The London dealer Alison Jacques, who exhibited at Photo London for the first time last year, has spoken out about her “unprofessional, unpleasant experience”. She says a Juergen Teller photograph belonging to the gallery, William Eggleston and Pink Gorilla, Memphis (2010), was stolen from the exhibition of his work shown in Somerset House’s Great Arch Hall as part of the fair’s public programme.
Jacques says the only response of Michael Benson, a founding director of Photo London, was to give her the phone number for the police. Benson denies this. “We followed procedure by reporting [the missing work] to the police and passing them on to the gallery team to provide details for a potential investigation,” he says. Benson says that Photo London takes security “very seriously”, and this year the Great Arch Hall will be accessible only to ticket holders. (Last year it was open to the public.)

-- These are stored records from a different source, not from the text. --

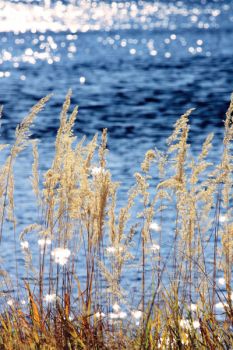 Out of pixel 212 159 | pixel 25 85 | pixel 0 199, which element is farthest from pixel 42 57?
pixel 0 199

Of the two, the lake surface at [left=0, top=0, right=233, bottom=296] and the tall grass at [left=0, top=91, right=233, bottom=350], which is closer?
the tall grass at [left=0, top=91, right=233, bottom=350]

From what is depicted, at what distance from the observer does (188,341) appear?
4848 mm

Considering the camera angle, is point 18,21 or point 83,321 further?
point 18,21

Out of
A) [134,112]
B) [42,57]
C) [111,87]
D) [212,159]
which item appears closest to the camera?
[212,159]

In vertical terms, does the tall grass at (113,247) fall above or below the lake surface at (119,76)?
below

Jacques’s insurance claim for the work, worth around £6,500, is pending, but she also says a work on her booth, worth around $80,000, was damaged due to temperature fluctuations, recorded on the gallery’s equipment as between 23°C and 31°C within an hour. Jacques says Photo London accepts no responsibility. Benson counters: “Our records show that all temperature fluctuations, which are checked on an hourly basis throughout the duration of the fair, were within acceptable levels.” He says that because the damage was reported after the works had been taken down, “the [fair’s] insurance was not valid”.